(Provided data Opens)

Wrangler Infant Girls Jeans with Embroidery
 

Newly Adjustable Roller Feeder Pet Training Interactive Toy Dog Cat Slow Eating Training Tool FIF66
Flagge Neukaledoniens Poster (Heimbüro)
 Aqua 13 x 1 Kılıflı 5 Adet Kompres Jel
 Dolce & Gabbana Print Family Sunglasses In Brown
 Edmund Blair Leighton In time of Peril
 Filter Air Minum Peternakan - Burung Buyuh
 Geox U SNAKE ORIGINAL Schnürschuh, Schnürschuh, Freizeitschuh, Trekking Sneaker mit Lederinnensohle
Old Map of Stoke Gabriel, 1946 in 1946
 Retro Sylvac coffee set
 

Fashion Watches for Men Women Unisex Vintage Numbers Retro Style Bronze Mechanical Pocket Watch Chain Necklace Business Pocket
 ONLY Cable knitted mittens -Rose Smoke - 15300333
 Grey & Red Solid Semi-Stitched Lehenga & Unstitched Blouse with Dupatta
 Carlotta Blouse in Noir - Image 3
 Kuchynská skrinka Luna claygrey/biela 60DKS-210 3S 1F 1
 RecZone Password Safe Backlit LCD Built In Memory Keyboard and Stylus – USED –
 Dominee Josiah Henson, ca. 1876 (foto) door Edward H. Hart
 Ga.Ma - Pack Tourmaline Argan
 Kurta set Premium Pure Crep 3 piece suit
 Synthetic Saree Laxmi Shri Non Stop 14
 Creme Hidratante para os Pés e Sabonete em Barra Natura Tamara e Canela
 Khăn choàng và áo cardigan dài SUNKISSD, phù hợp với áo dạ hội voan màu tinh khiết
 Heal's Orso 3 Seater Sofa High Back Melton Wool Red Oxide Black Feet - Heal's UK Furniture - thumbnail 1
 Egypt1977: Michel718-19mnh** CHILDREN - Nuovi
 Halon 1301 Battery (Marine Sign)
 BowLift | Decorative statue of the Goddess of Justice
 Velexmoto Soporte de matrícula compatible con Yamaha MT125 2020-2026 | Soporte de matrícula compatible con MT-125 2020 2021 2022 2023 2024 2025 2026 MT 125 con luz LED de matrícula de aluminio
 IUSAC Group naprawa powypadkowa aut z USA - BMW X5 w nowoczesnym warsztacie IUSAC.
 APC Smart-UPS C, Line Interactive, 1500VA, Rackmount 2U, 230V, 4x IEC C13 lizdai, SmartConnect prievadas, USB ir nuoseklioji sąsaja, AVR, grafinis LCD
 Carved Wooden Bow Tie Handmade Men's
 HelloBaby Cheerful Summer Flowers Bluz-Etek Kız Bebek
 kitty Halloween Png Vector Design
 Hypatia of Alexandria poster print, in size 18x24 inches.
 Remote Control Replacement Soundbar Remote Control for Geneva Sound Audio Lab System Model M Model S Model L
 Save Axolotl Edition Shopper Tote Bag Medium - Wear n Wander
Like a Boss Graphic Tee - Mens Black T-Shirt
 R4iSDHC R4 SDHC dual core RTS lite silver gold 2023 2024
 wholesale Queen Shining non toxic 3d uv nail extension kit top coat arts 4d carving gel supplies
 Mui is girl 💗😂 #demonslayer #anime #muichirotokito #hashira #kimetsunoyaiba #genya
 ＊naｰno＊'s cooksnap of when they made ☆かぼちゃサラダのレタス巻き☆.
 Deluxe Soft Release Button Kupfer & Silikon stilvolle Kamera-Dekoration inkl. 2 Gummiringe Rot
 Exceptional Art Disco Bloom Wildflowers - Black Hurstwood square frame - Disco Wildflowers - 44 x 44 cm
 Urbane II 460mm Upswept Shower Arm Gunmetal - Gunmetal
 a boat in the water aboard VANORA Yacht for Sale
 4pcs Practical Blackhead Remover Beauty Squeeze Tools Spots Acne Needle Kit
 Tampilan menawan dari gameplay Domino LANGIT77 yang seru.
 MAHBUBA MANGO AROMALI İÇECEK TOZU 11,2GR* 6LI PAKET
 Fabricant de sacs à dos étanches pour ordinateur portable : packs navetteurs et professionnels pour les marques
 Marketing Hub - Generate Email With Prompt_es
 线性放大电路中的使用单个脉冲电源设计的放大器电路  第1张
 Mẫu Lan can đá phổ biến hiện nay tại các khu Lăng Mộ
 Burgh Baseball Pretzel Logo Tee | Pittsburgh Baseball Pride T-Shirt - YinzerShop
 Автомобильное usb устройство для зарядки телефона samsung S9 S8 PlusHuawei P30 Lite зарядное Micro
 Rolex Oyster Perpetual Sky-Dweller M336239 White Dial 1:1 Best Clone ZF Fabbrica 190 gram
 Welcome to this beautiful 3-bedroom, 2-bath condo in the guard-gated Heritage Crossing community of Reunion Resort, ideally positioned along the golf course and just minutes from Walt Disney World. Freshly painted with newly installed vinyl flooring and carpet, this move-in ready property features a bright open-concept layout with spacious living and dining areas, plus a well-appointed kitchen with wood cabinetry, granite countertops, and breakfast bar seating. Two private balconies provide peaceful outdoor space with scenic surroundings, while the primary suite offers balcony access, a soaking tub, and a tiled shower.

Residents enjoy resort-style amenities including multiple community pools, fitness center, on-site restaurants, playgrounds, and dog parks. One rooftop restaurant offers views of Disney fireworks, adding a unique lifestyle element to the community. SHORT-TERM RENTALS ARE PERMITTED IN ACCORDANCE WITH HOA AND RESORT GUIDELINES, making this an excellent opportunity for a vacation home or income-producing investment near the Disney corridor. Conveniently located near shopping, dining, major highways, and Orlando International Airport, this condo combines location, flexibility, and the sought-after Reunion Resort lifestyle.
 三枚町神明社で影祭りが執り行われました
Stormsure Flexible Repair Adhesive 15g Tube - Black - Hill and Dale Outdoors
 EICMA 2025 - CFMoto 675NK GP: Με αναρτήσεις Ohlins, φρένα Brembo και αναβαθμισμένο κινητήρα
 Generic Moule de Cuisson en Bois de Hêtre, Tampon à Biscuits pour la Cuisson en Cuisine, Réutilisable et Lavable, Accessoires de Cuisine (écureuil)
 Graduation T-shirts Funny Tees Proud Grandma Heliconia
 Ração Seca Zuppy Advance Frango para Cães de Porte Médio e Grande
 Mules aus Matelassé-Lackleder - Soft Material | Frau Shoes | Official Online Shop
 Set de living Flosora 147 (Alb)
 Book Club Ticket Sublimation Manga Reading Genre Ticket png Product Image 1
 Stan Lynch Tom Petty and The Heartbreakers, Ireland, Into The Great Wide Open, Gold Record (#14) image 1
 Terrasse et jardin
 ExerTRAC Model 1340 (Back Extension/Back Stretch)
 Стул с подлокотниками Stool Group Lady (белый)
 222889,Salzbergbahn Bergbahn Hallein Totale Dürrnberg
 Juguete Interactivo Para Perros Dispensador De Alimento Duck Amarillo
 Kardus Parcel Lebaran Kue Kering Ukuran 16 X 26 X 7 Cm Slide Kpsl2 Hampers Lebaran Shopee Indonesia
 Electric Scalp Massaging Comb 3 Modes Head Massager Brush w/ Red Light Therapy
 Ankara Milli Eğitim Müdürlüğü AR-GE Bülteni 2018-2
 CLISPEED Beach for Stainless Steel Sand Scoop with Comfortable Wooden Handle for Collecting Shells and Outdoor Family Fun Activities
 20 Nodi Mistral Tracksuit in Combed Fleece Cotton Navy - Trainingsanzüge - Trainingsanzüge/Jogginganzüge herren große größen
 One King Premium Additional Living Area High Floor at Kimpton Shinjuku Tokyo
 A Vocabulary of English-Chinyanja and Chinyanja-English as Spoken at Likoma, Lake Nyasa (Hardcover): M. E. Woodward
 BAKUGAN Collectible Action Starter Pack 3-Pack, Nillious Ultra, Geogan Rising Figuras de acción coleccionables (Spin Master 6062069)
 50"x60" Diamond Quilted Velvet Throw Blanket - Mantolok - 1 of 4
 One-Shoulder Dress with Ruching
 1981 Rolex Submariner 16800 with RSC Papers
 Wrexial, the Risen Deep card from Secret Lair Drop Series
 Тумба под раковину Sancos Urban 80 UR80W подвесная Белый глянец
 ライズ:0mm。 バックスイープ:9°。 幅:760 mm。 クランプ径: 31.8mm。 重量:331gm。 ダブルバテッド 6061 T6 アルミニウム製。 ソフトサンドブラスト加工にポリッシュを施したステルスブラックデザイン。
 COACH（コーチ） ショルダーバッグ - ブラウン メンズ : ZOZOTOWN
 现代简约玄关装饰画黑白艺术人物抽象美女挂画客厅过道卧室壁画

(Provided data Closes)

Task requirements => In the listing above, the lines from the one containing "Deluxe Soft Release" through the one containing "Welcome to this" must be set down exactly, with no other lines.

Response =>
 Deluxe Soft Release Button Kupfer & Silikon stilvolle Kamera-Dekoration inkl. 2 Gummiringe Rot
 Exceptional Art Disco Bloom Wildflowers - Black Hurstwood square frame - Disco Wildflowers - 44 x 44 cm
 Urbane II 460mm Upswept Shower Arm Gunmetal - Gunmetal
 a boat in the water aboard VANORA Yacht for Sale
 4pcs Practical Blackhead Remover Beauty Squeeze Tools Spots Acne Needle Kit
 Tampilan menawan dari gameplay Domino LANGIT77 yang seru.
 MAHBUBA MANGO AROMALI İÇECEK TOZU 11,2GR* 6LI PAKET
 Fabricant de sacs à dos étanches pour ordinateur portable : packs navetteurs et professionnels pour les marques
 Marketing Hub - Generate Email With Prompt_es
 线性放大电路中的使用单个脉冲电源设计的放大器电路  第1张
 Mẫu Lan can đá phổ biến hiện nay tại các khu Lăng Mộ
 Burgh Baseball Pretzel Logo Tee | Pittsburgh Baseball Pride T-Shirt - YinzerShop
 Автомобильное usb устройство для зарядки телефона samsung S9 S8 PlusHuawei P30 Lite зарядное Micro
 Rolex Oyster Perpetual Sky-Dweller M336239 White Dial 1:1 Best Clone ZF Fabbrica 190 gram
 Welcome to this beautiful 3-bedroom, 2-bath condo in the guard-gated Heritage Crossing community of Reunion Resort, ideally positioned along the golf course and just minutes from Walt Disney World. Freshly painted with newly installed vinyl flooring and carpet, this move-in ready property features a bright open-concept layout with spacious living and dining areas, plus a well-appointed kitchen with wood cabinetry, granite countertops, and breakfast bar seating. Two private balconies provide peaceful outdoor space with scenic surroundings, while the primary suite offers balcony access, a soaking tub, and a tiled shower.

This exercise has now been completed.